Exercise details:
What you return should be the lines from the one with "Hi, in this" through the one with "Thank you so much everyone." in the data below, reproduced exactly with both ends, and no pictures at all.

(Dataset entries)

******************************

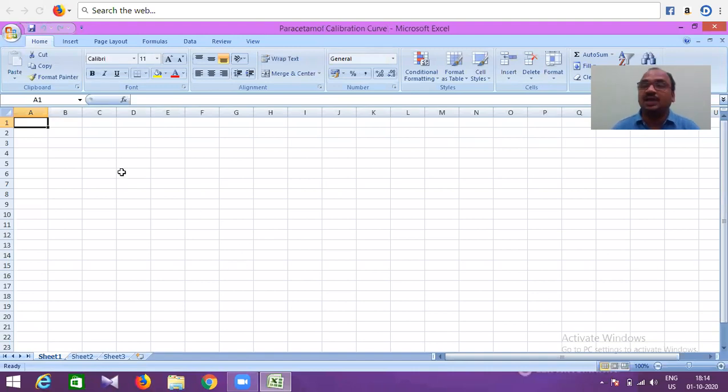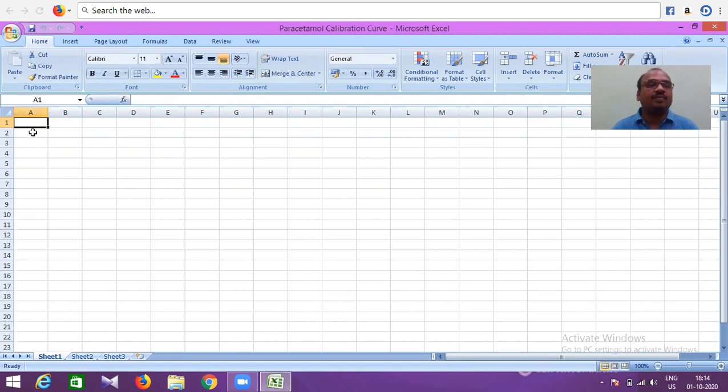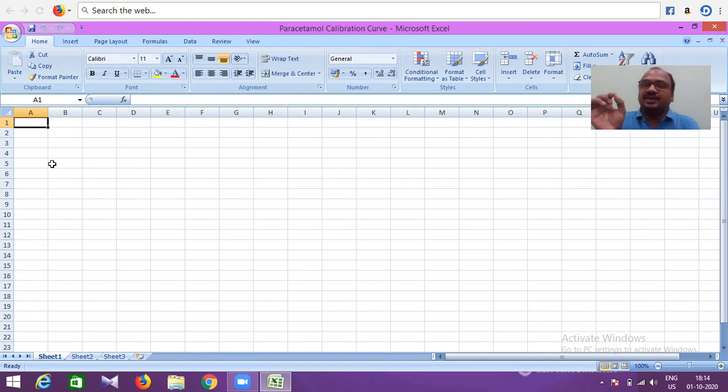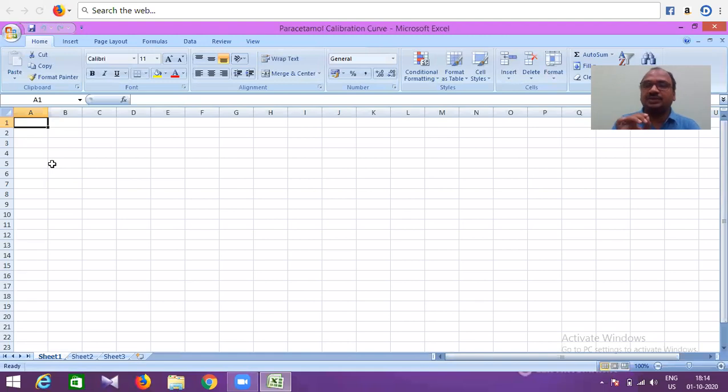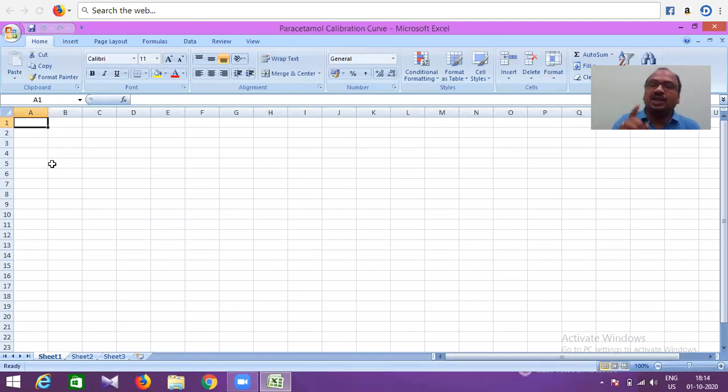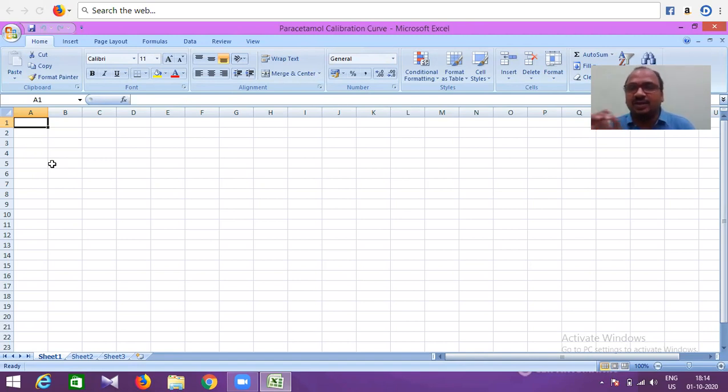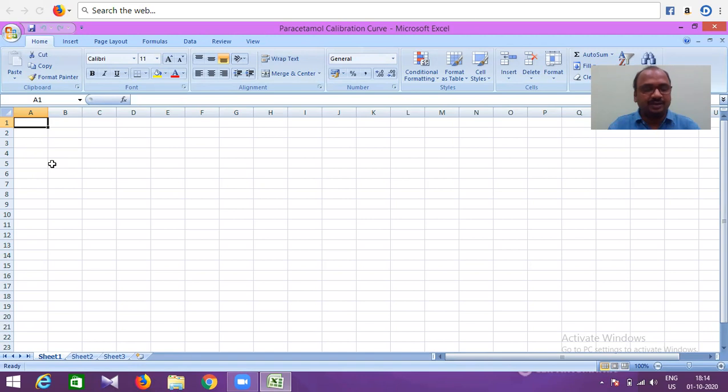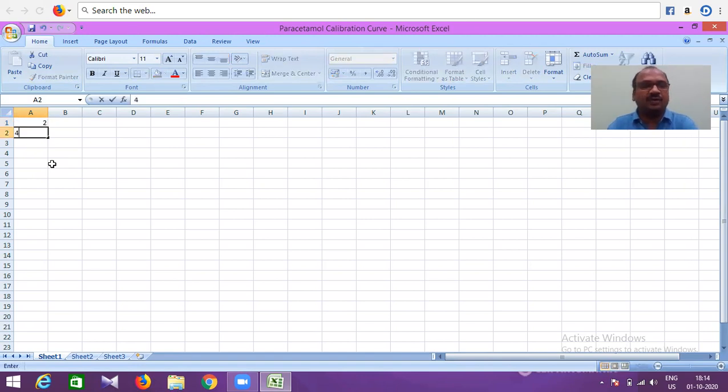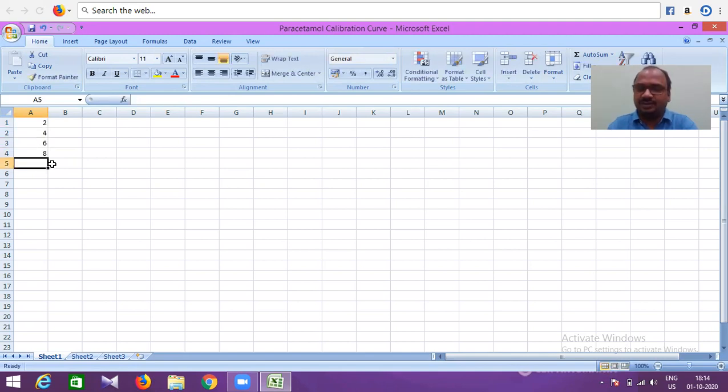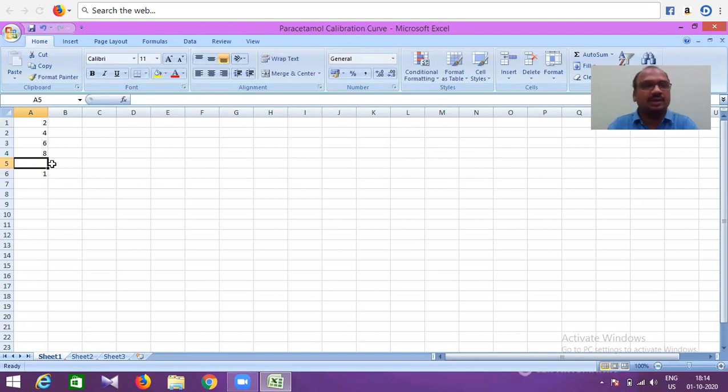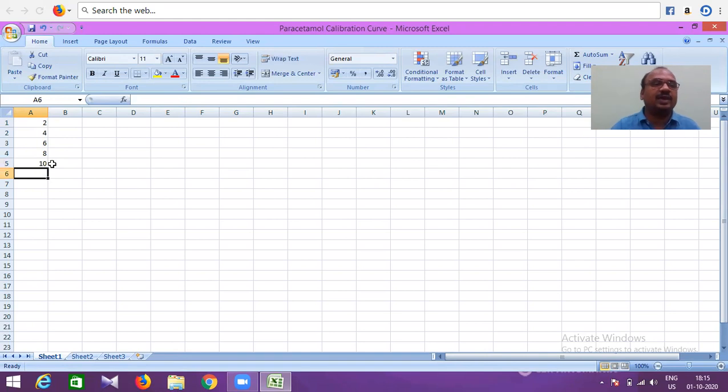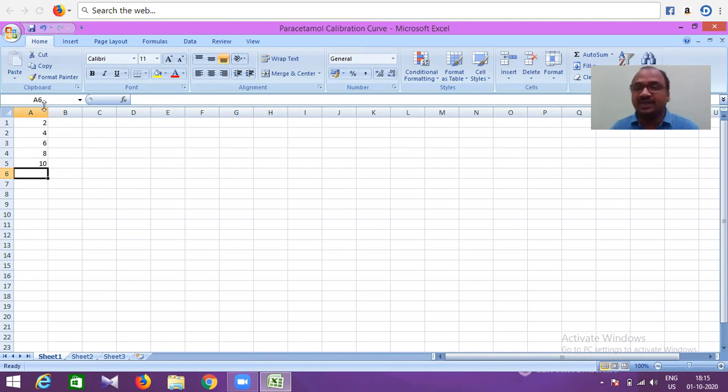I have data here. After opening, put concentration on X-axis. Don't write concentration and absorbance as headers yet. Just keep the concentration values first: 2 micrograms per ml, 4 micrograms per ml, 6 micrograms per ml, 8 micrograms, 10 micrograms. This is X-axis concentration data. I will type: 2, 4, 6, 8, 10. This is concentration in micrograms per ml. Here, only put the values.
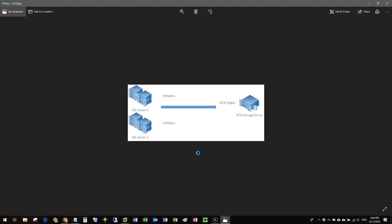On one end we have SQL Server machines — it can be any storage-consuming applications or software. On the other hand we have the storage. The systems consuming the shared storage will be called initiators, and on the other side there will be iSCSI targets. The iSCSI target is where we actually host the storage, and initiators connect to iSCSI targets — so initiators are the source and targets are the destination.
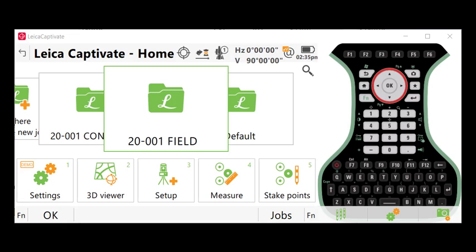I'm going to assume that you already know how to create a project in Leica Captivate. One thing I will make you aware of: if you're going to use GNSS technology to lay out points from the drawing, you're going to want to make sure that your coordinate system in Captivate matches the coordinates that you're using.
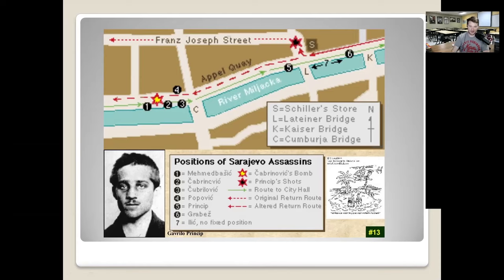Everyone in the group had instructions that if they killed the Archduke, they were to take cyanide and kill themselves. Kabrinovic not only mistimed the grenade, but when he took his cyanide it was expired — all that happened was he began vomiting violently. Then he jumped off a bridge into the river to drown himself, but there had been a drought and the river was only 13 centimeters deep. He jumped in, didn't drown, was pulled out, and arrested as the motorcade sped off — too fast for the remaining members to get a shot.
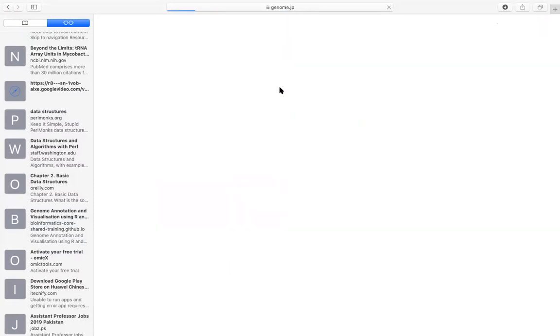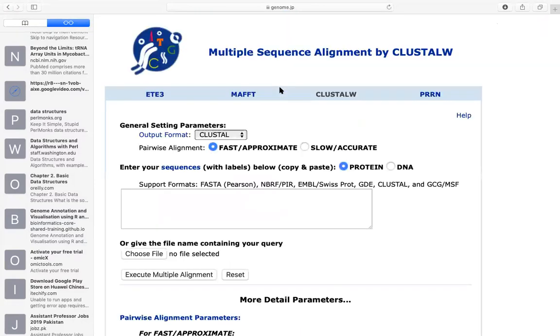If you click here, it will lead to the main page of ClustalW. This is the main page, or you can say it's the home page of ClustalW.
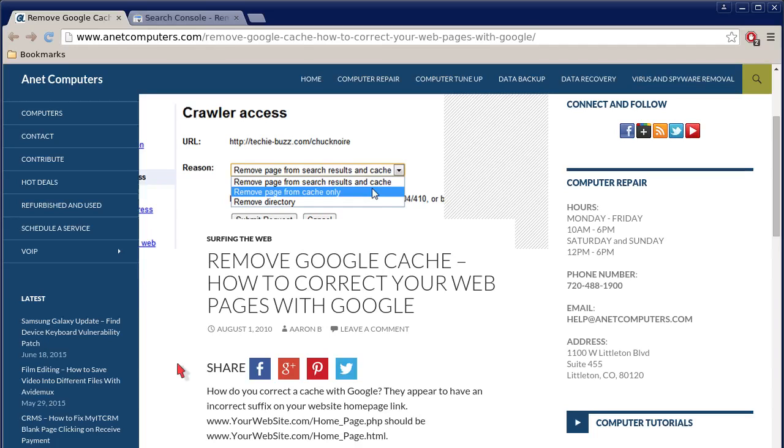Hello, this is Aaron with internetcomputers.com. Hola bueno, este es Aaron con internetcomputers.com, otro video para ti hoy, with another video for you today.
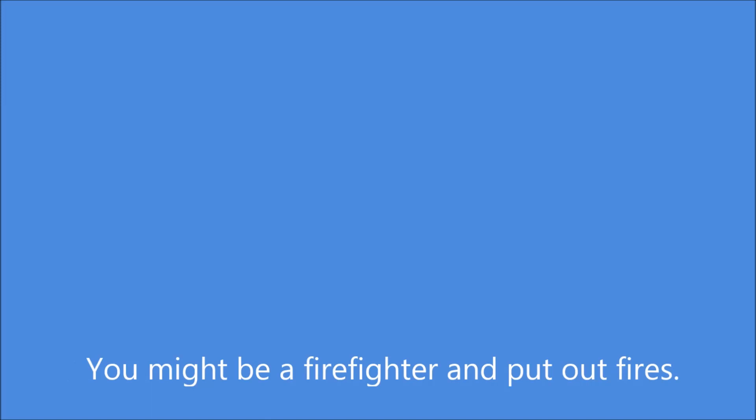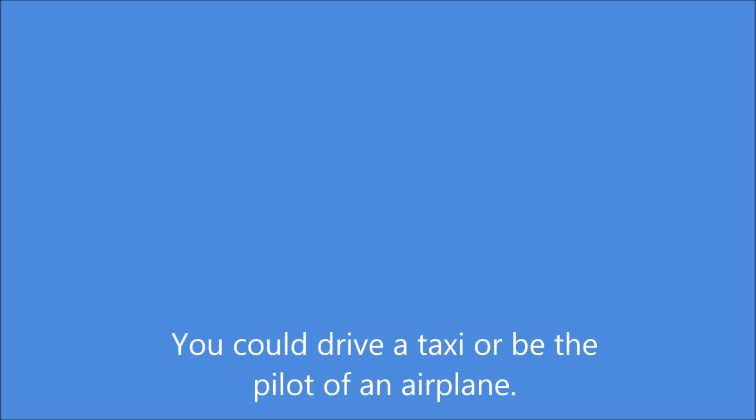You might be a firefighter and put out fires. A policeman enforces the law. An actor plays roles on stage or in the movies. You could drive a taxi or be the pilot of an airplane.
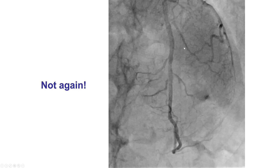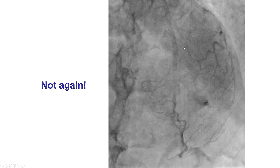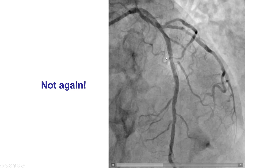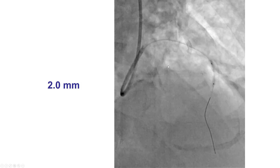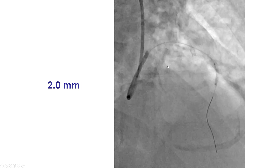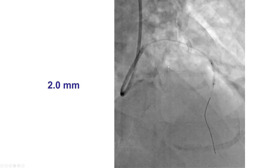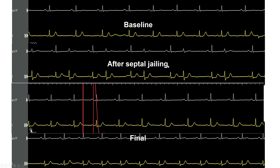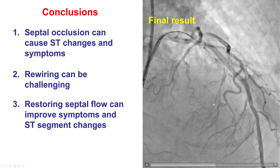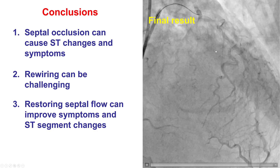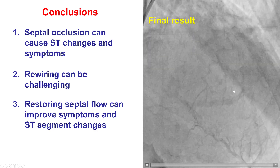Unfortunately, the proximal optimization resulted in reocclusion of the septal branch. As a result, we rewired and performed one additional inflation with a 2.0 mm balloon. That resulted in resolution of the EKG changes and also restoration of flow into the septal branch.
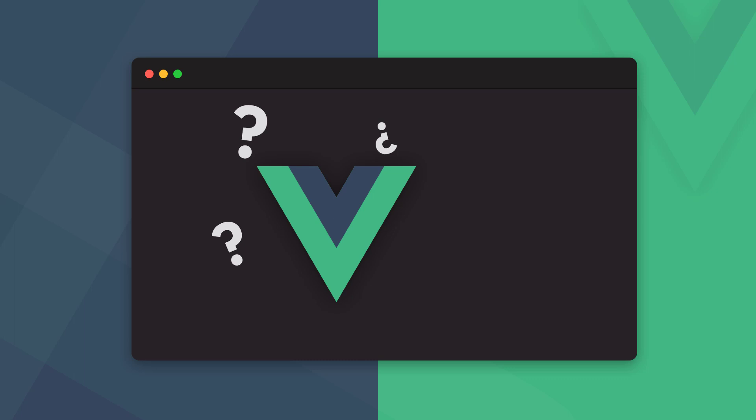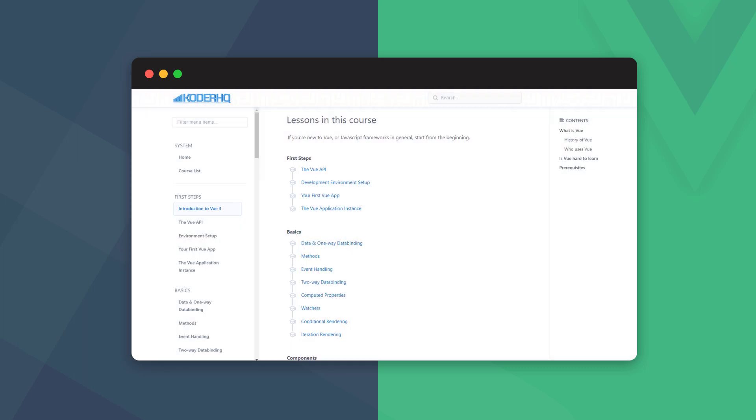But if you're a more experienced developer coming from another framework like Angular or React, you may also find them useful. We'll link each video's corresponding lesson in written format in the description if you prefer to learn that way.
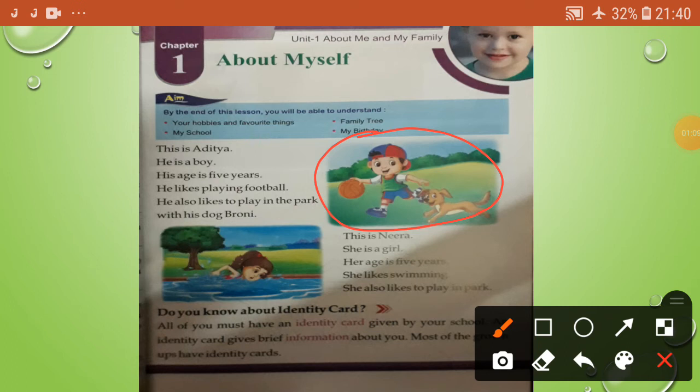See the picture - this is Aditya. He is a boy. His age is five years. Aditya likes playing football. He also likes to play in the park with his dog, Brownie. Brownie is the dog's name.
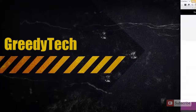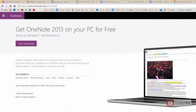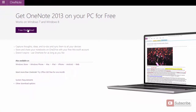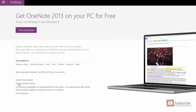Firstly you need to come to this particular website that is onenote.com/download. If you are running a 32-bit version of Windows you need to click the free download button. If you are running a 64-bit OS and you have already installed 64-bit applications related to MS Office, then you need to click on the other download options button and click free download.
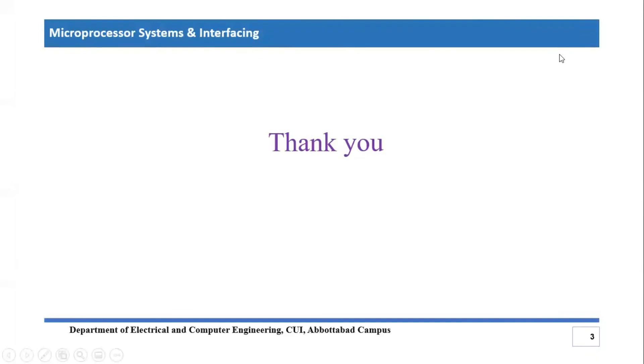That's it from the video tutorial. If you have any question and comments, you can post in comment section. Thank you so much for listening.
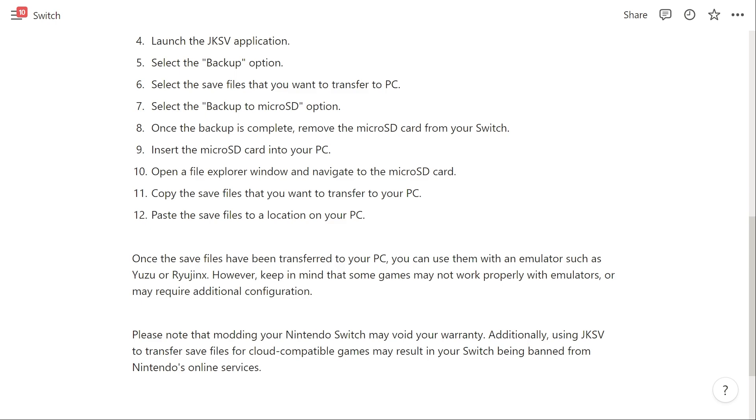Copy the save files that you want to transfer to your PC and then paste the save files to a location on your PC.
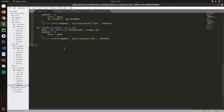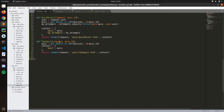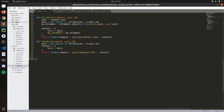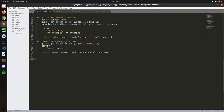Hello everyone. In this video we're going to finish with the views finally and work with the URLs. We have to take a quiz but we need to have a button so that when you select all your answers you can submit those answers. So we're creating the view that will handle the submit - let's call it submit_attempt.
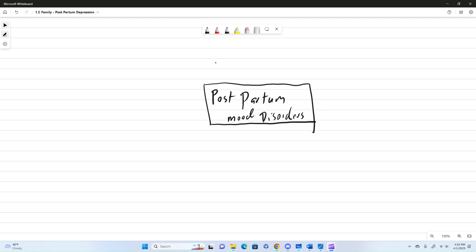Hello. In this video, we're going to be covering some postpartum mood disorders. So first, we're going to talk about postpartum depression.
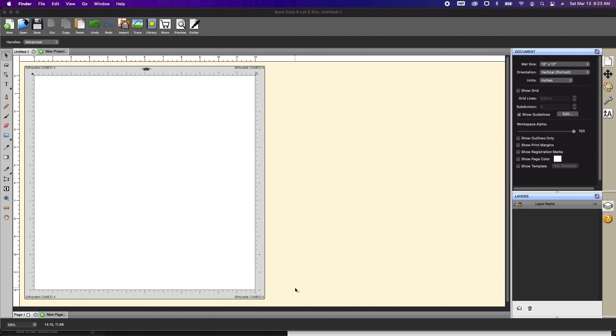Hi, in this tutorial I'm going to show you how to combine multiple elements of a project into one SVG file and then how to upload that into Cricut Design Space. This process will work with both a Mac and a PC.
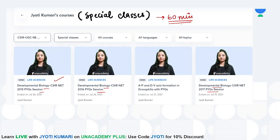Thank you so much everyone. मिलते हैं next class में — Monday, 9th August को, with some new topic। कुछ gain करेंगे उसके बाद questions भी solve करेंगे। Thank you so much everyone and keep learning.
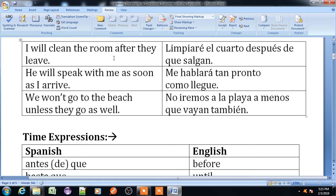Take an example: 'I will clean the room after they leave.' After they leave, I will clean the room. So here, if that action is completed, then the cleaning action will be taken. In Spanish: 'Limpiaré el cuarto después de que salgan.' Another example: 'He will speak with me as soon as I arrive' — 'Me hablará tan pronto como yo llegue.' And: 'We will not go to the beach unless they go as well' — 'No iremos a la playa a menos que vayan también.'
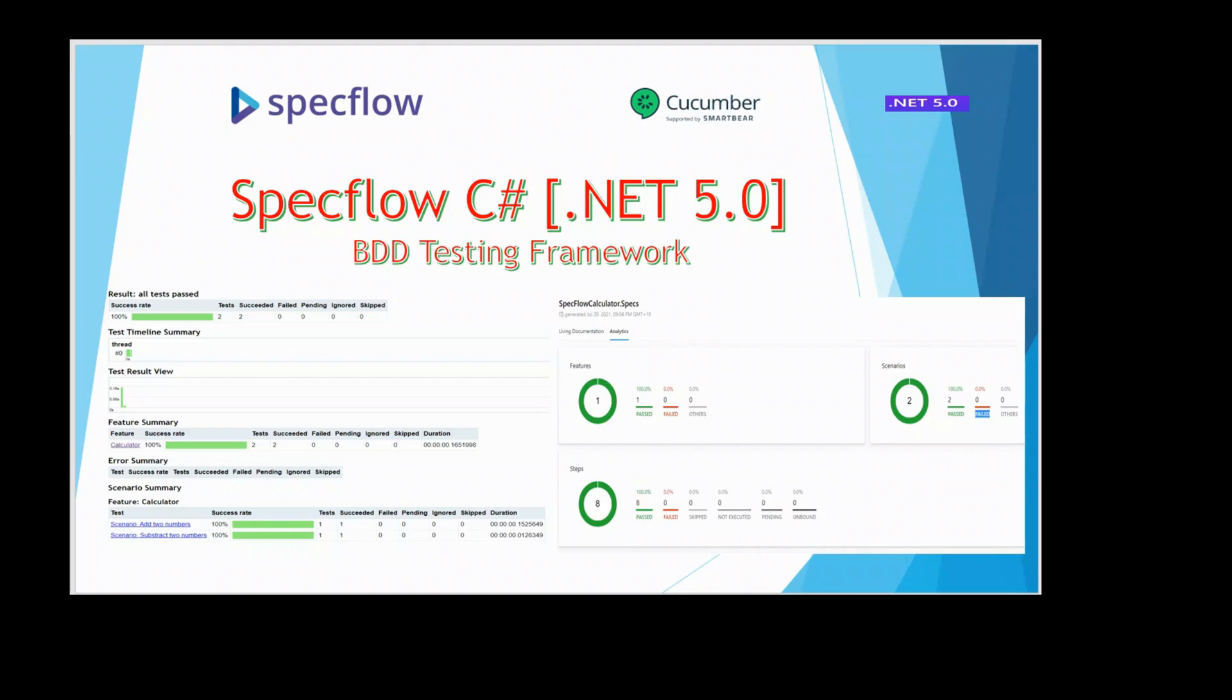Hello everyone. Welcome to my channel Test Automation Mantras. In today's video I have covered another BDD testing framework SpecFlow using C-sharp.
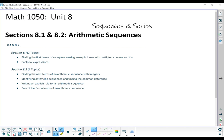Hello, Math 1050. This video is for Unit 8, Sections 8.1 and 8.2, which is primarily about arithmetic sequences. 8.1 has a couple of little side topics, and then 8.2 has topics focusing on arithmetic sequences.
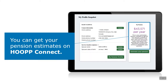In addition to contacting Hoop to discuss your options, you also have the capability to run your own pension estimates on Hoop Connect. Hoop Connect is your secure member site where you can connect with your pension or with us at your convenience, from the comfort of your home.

******************************

Response area:
Hi, in this tutorial I'm going to show you how to combine multiple elements of a project into one SVG file and then how to upload that into Cricut Design Space. This process will work with both a Mac and a PC.
Thank you so much everyone. मिलते हैं next class में — Monday, 9th August को, with some new topic। कुछ gain करेंगे उसके बाद questions भी solve करेंगे। Thank you so much everyone and keep learning.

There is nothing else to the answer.